Description of problem:Message status returned from emsrefresh of RHEVM always shows a status of 'ok' even when refresh encounters errors. Version-Release number of selected component (if applicable):5.5.2.4 How reproducible: Steps to Reproduce: 1. Register a RHEVM provider into CFME 5.5.2.4 appliance 2. Manually initiate a full refresh and kill the session from the evmrefresh worker to the RHEVM appliance using targeted kill or alter the network latency/delay to be so long that the tcp session used to collect data timesout. 3. examine the evm.log file to see what the message status value is. Actual results: the results will show 'ok' Expected results: message status to be 'error' or 'timedout' Additional info: customer logs from multiple RHEVM process showing multiple refreshes are included as well as spreadsheet showing refresh start times and pid, with refresh durations ranging from 2 minutes to > one hour for the same RHEVM instance
Created attachment 1137882 [details] one page pdf detailing multiple ems refreshes from same 3002 PID with their exeuction times. Only the 3400+ second ems refresh actually processed all expected data.
Created attachment 1137883 [details] distilled evm.log lines from process 3002 containing ems refreshes identified in pdf already provided
Dave, can QE test this scenario with a couple different providers? I would like to determine if this is a RHEVM specific problem.
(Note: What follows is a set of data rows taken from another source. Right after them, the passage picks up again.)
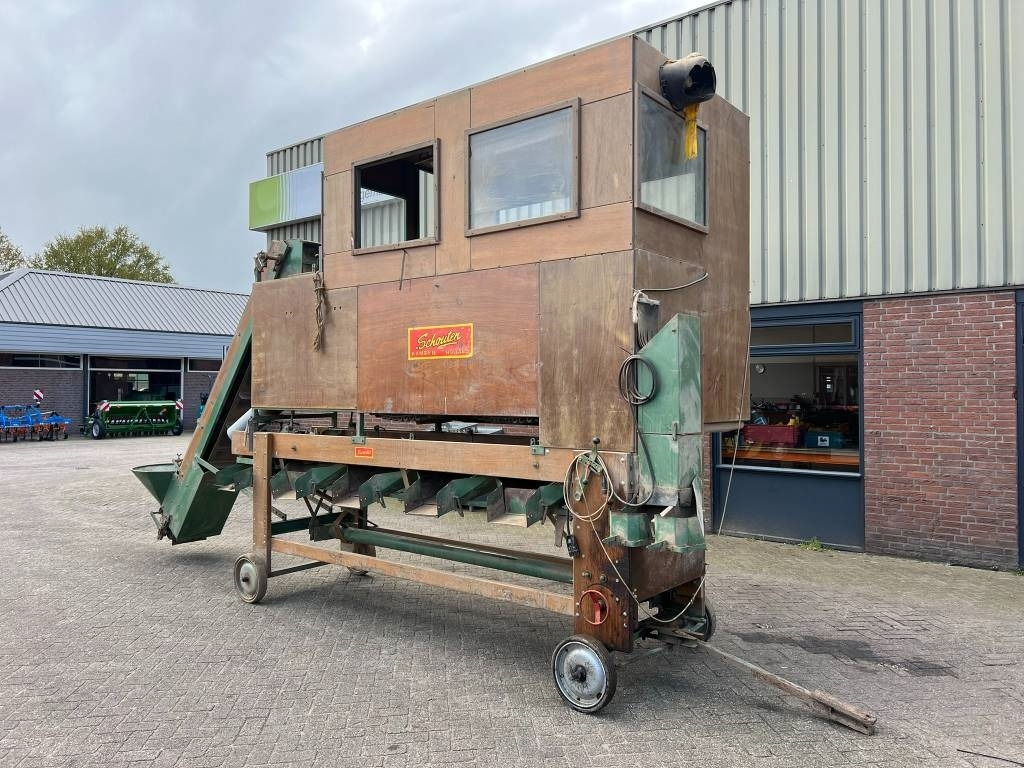 Schouten Kwartet sorteermachine - Burgonyagép: 3 kép. Schouten Kwartet sorteermachine - Burgonyagép: 3 kép.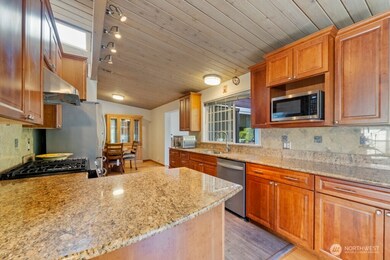 4026 Island Crest Way, Mercer Island, WA 98040 - photo 5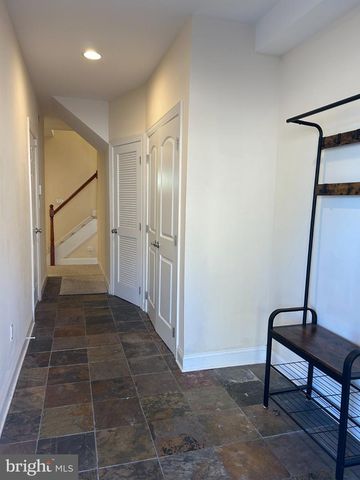 4700 SMICK ST, Philadelphia, PA 19127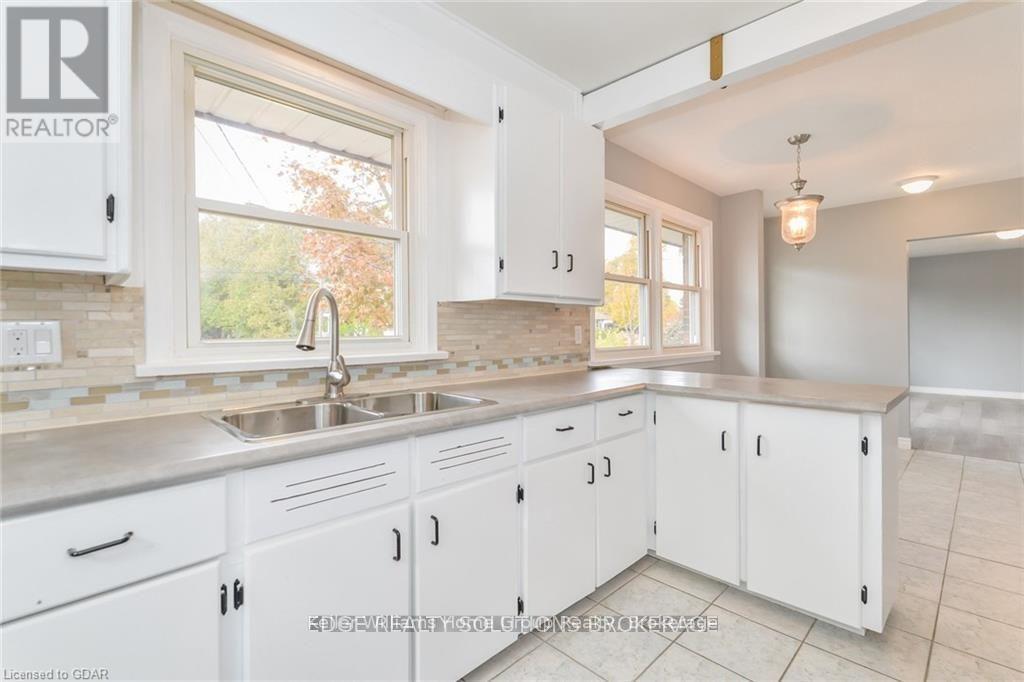 130 FORFAR STREET E - 9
Or, if it's across the board for all providers. Marcel, assigning to you for now until we get more information from QE on whether this is an across the board problem with reporting an error on EMS Refresh, or if it's a RHEVM specific problem.
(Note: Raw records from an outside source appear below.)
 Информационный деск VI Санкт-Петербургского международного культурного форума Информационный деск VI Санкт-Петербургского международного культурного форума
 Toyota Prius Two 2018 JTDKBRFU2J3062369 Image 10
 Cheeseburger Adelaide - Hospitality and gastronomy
@Thomas Hennessy could you explain, where you would expect an error to be shown? In the UI there should be an error displayed for that specific EMS. Also the log shows and ERROR for that specific EMS. From what I understand, you a referring to the log file, where the "State: [ok]" appears. But this refers to the Queue Message being delivered and executed.
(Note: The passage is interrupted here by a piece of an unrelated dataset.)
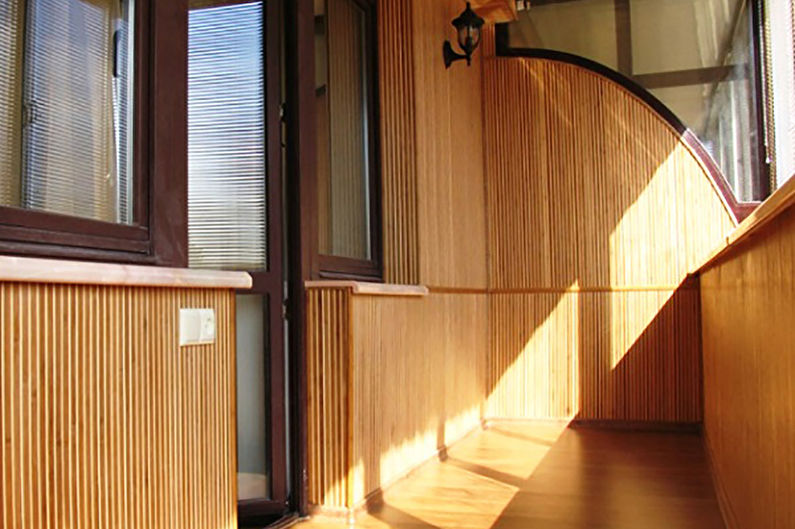 Бамбуковые обои на лоджии и балконе - Дизайн интерьера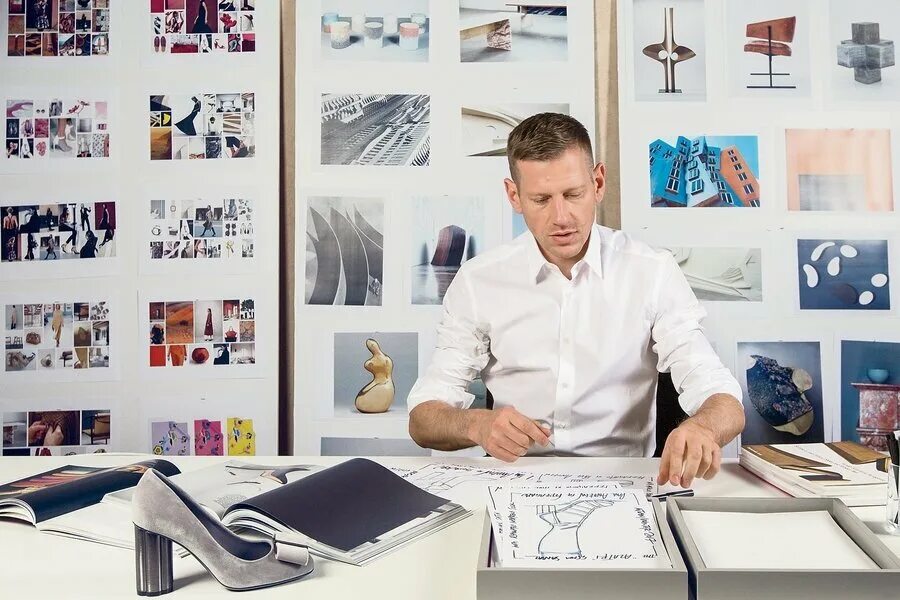 Бизнесмен дизайнер. Мужчина за компьютером в профиль. Женщина с ноутбуком. Дизайнер в медиаиндустрии. Бизнесвумен с ноутбуком.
Marcel, IMHO the existence of the log line message containing the completed for any message ID indicates that the message number was delivered and completed. the status line should indicate if the requested command was completed successfully or not. If the log lines between the initiation of the message (ie message dequeued) and the message completion log line contains any errors that indicates to me that the initiated command encountered error and therefore the status of the execution of the requested command cannot possibly be 'ok'. Tom Hennessy
ok, thanks for the clarification. Just to be 100% sure: you want this [----] I, [2016-03-16T10:18:06.067938 #3002:90798c] INFO -- : MIQ(MiqQueue#delivered) Message id: [2000001124178], State: [ok], Delivered in [157.827267344] seconds to be changed into [----] I, [2016-03-16T10:18:06.067938 #3002:90798c] INFO -- : MIQ(MiqQueue#delivered) Message id: [2000001124178], State: [error], Delivered in [157.827267344] seconds
Marcel, yes. more generally if the command being initiated by the message id (Command: [EmsRefresh.refresh] in this case) encounters errors in the execution of the command (as is reported by the error messages in the evm.log) it seems to me any any reasonable customer would expect that the status returned would reflect that highest level of error encountered. In this case the 'error' as reported by multipe log lines. Tom Hennessy
on dev: https://github.com/ManageIQ/manageiq/pull/9907